However, Lackner thinks the gas is too useful to petrify. His idea is to use the carbon dioxide to make liquid fuels for transport vehicles. Carbon dioxide can react with water to produce carbon monoxide and hydrogen – a combination known as syngas because it can be readily turned into hydrocarbon fuels such as methanol or diesel. The process requires an energy input, but this could be provided by renewable sources, such as wind energy, Lackner suggests.
We have the technology to suck carbon dioxide out of the air – and keep it out – but whether it is economically viable is a different question. Lackner says his trees would do the job for around $200 per tonne of removed carbon dioxide, dropping to $30 a tonne as the project is scaled up.
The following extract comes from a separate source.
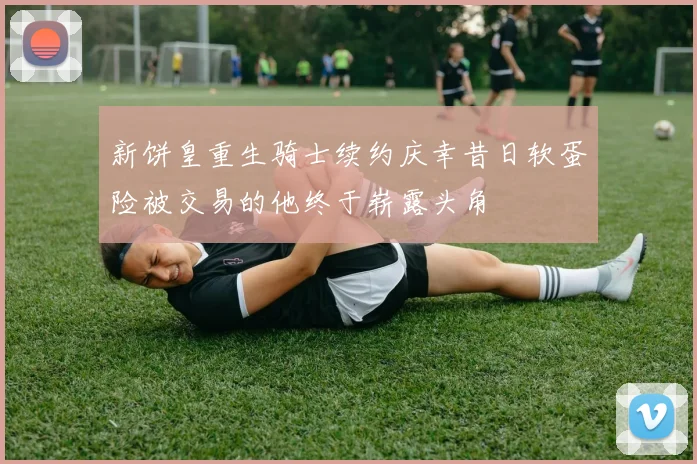 新饼皇重生骑士续约庆幸昔日软蛋险被交易的他终于崭露头角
At that price – which has been criticised as wildly optimistic (the American Physical Society's most optimistic calculations for direct air capture are $600 per tonne of carbon dioxide removed, although the UK's Met Office is more favourable) – it starts to make economic sense for oil companies who would pay in the region of $100 per tonne to use the gas in enhanced oil recovery.
Ultimately, we have to decide whether the cost of the technology is socially worth the price, and that social price is likely to fall as climate change brings its own mounting costs. Economically too, if the price of carbon rises, then this could lead to two effects. Investing in air capture will likely be seen as an equivalent to "avoided emissions". And then it will become a worthy investment.